What the task requires:
Would you please return the data below verbatim, without its pictures?

Data extract:

· · · · · · ·

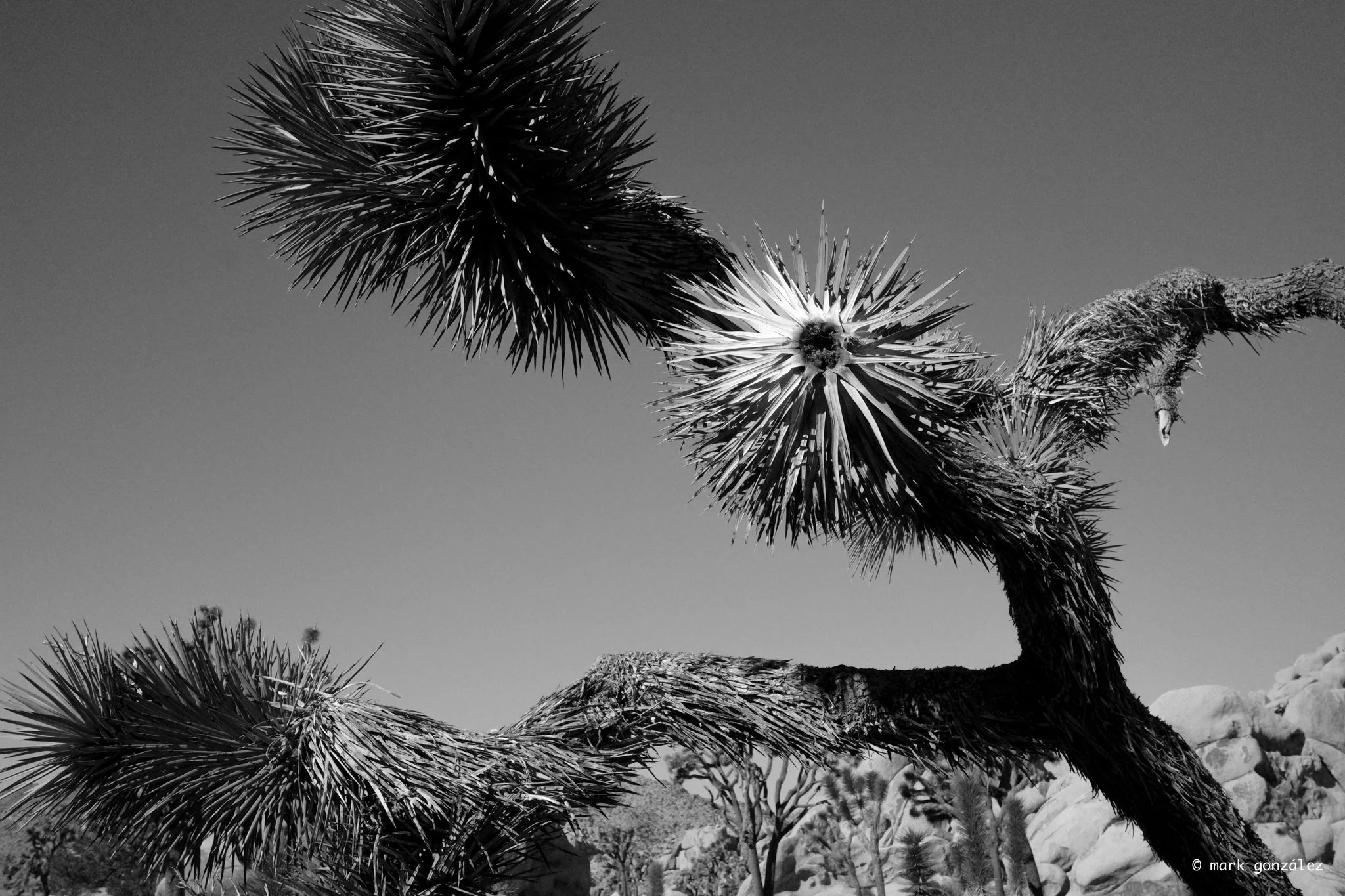 R0003883.jpg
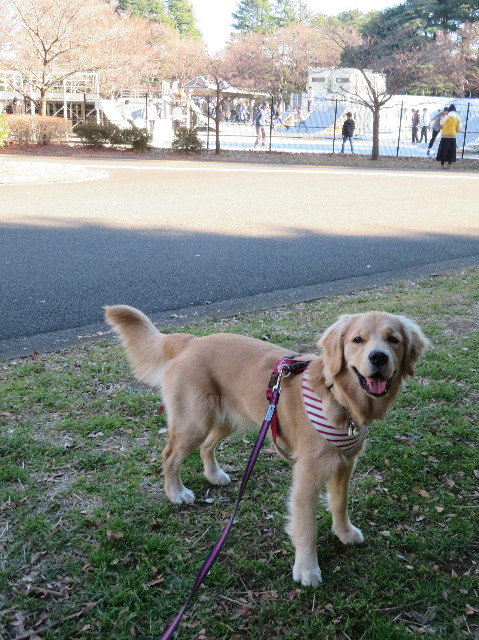 ファイル 6913-1.jpg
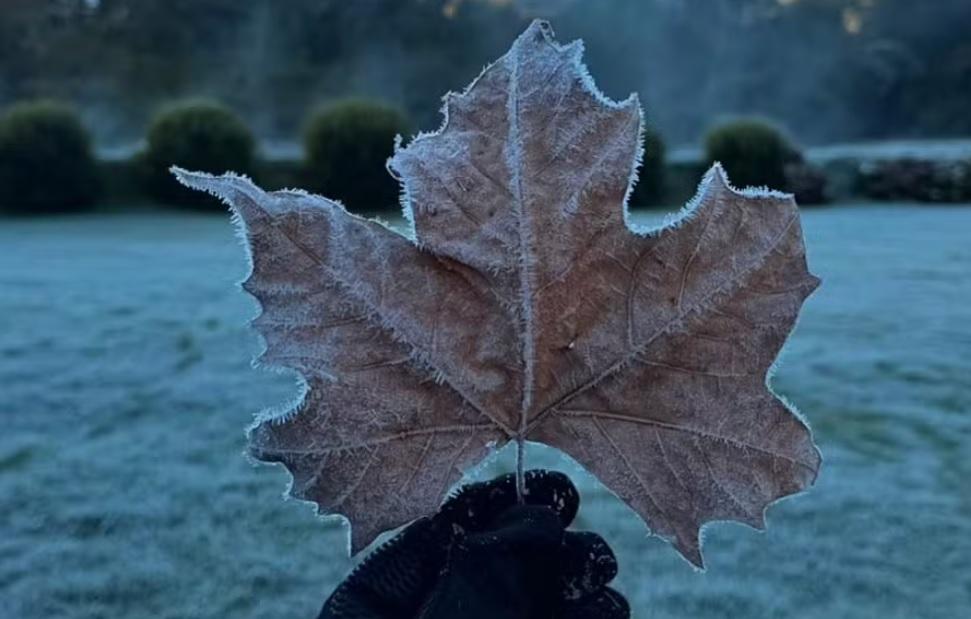 Sul de MG registra primeira geada do outono e amanhece com temperaturas próximas de 0°C
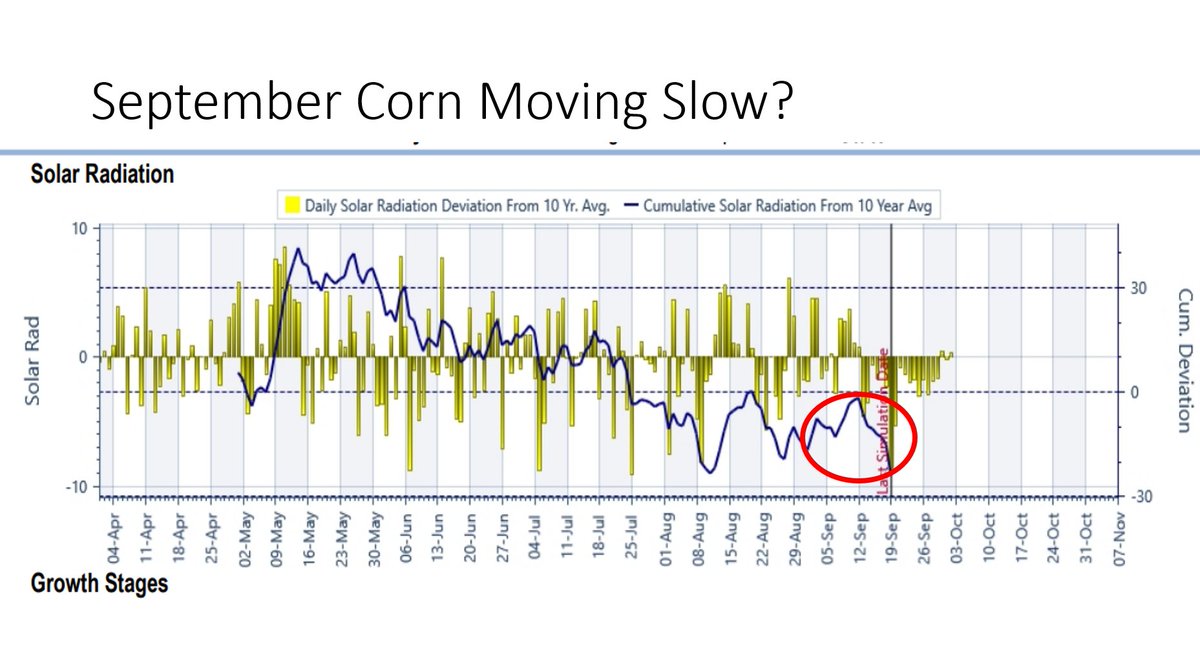 The Hermanator! (Paul Hermans) tweet media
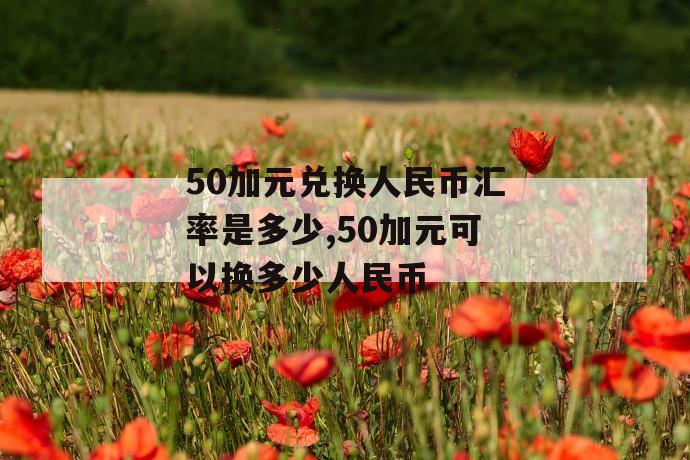 50加元兑换人民币汇率是多少,50加元可以换多少人民币 第1张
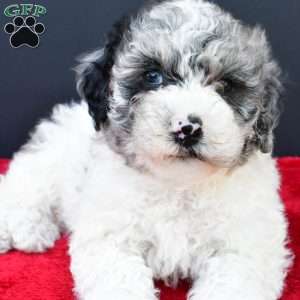 Eva, Mini Sheepadoodle Puppy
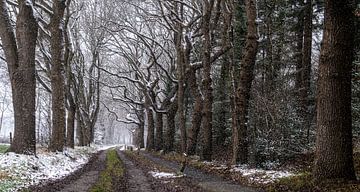 Winter forest path in the snow in Darp.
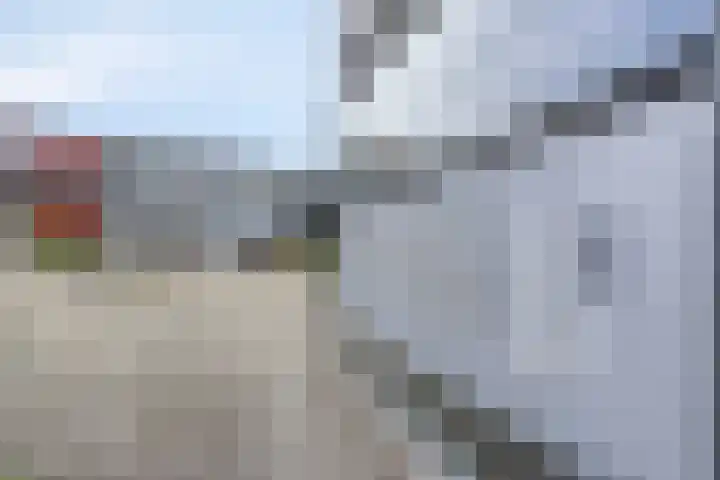 Watersniphof 70 Middelburg thumbnail 5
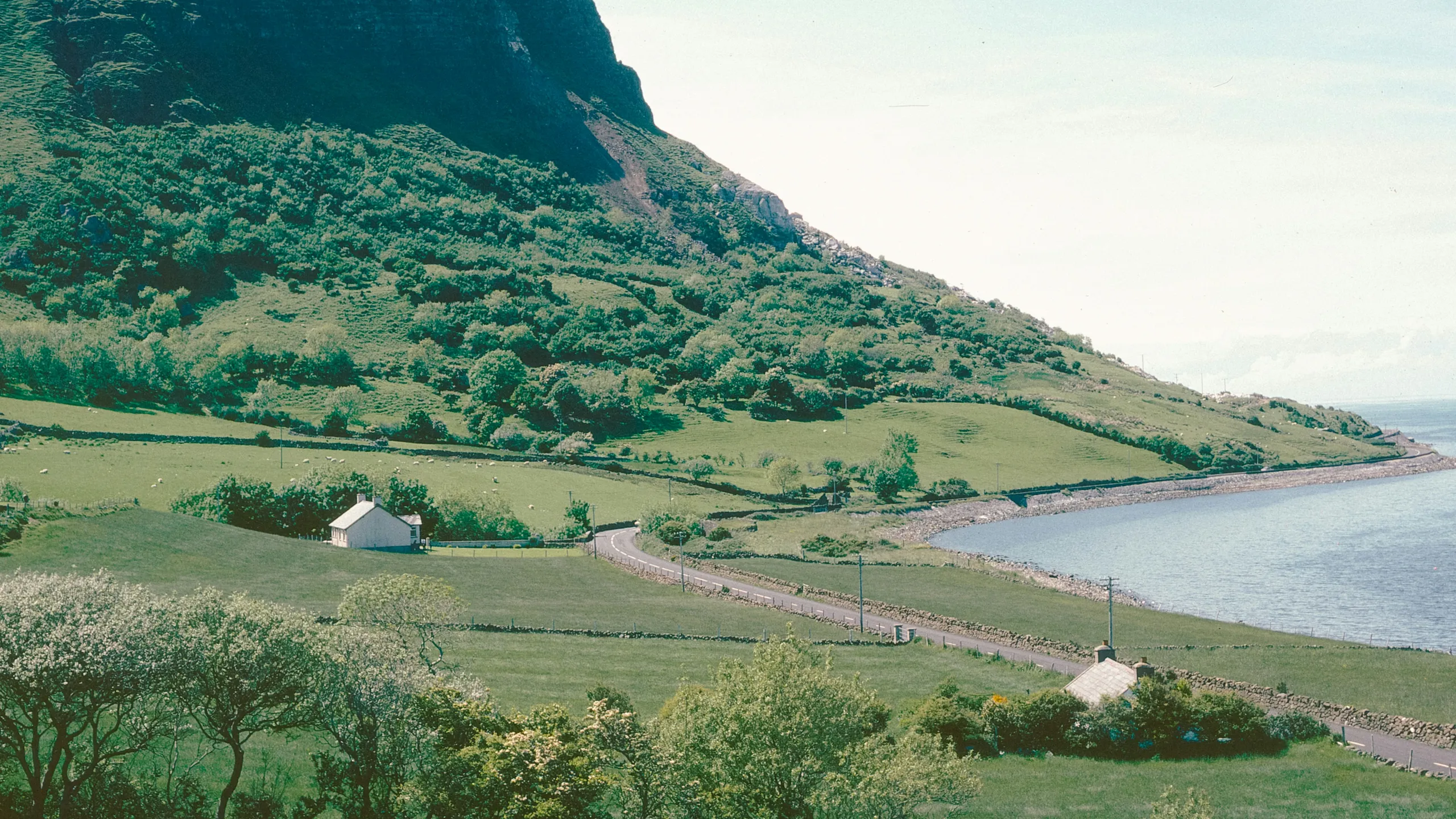 Wales Ultra Trail Classic 75 Miles
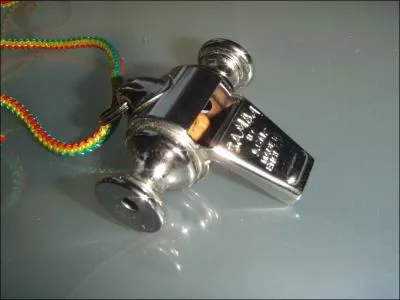 Quel instrument est-ce ?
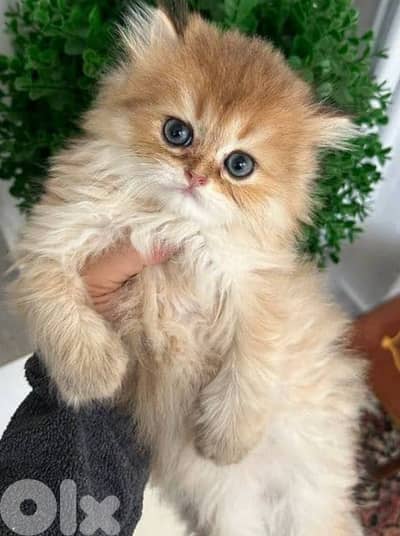 Chinchella golden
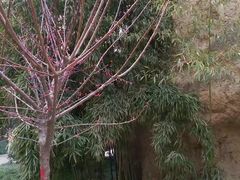 -西安曲江寒窑遗址公园
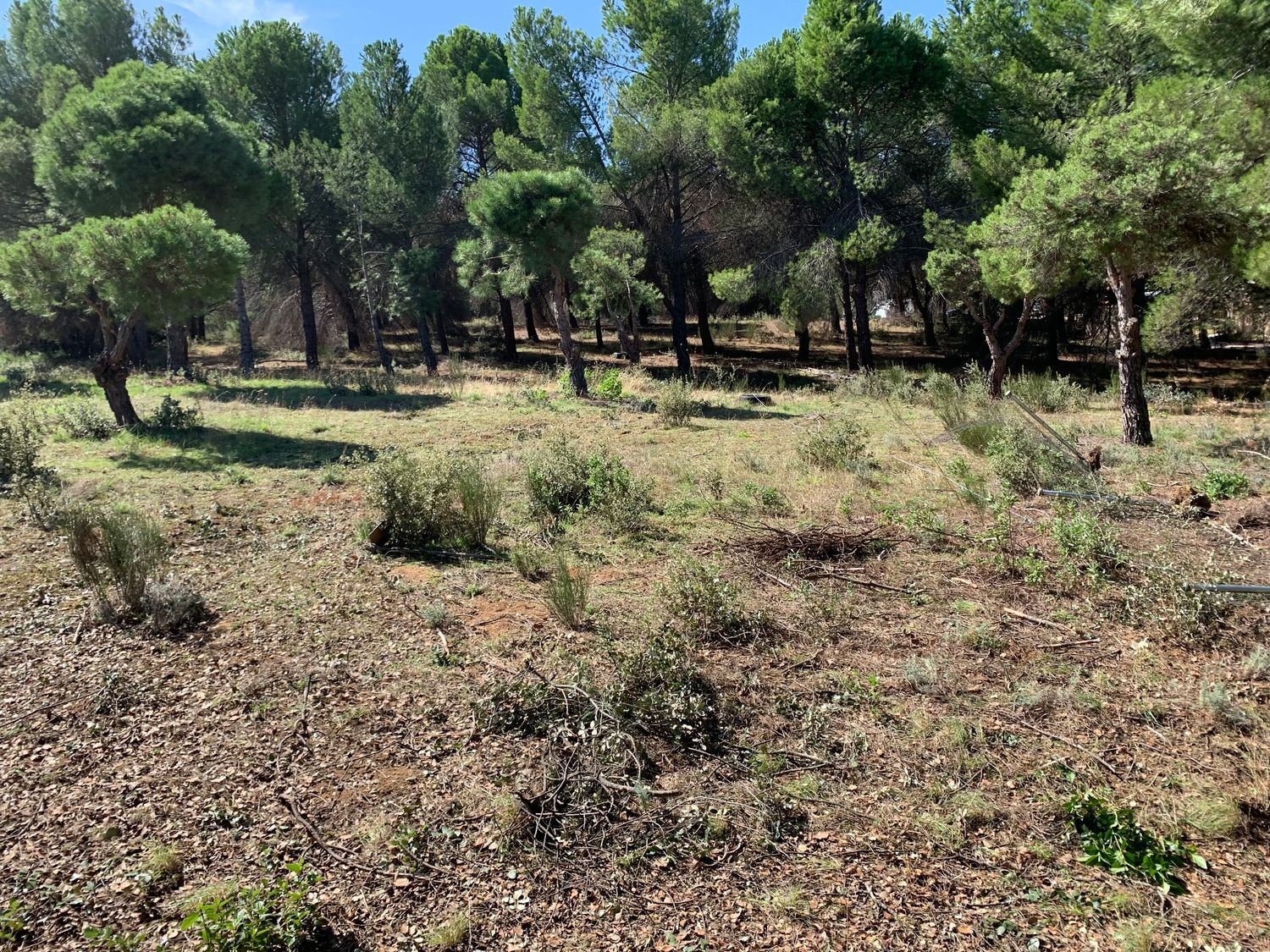 Fincas y solares-Venta-Pelayos de la Presa-743095-Foto-13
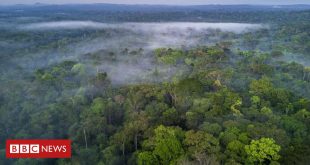 as-medidas-para-evitar-que-el-nino-provoque-‘hecatombe’-na-amazonia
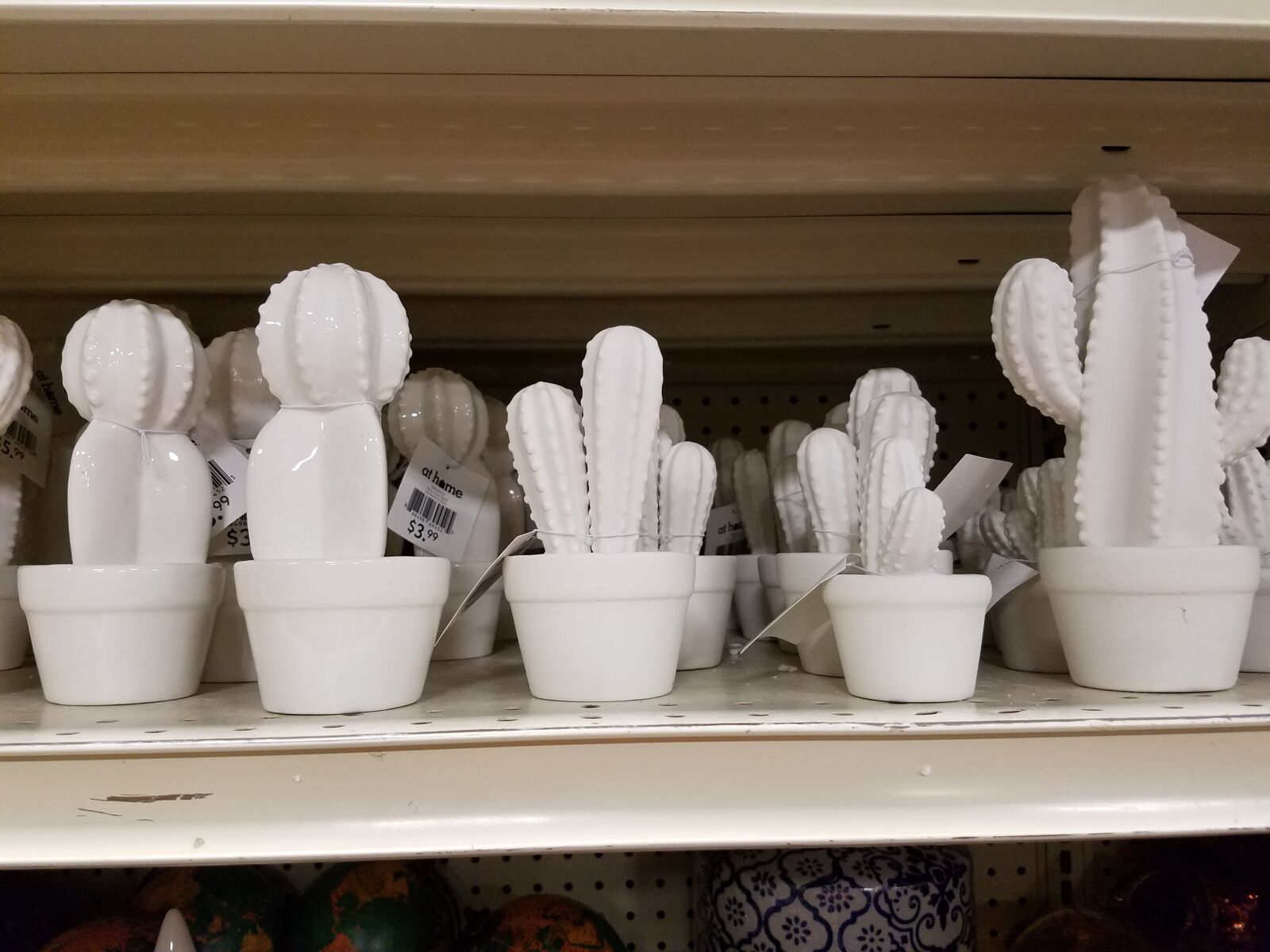 Samsung Galaxy S7 sample photo. Cactus, ceramic, decoration photography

· · · · · · ·

Task result:
 R0003883.jpg
 ファイル 6913-1.jpg
 Sul de MG registra primeira geada do outono e amanhece com temperaturas próximas de 0°C
 The Hermanator! (Paul Hermans) tweet media
 50加元兑换人民币汇率是多少,50加元可以换多少人民币 第1张
 Eva, Mini Sheepadoodle Puppy
 Winter forest path in the snow in Darp.
 Watersniphof 70 Middelburg thumbnail 5
 Wales Ultra Trail Classic 75 Miles
 Quel instrument est-ce ?
 Chinchella golden
 -西安曲江寒窑遗址公园
 Fincas y solares-Venta-Pelayos de la Presa-743095-Foto-13
 as-medidas-para-evitar-que-el-nino-provoque-‘hecatombe’-na-amazonia
 Samsung Galaxy S7 sample photo. Cactus, ceramic, decoration photography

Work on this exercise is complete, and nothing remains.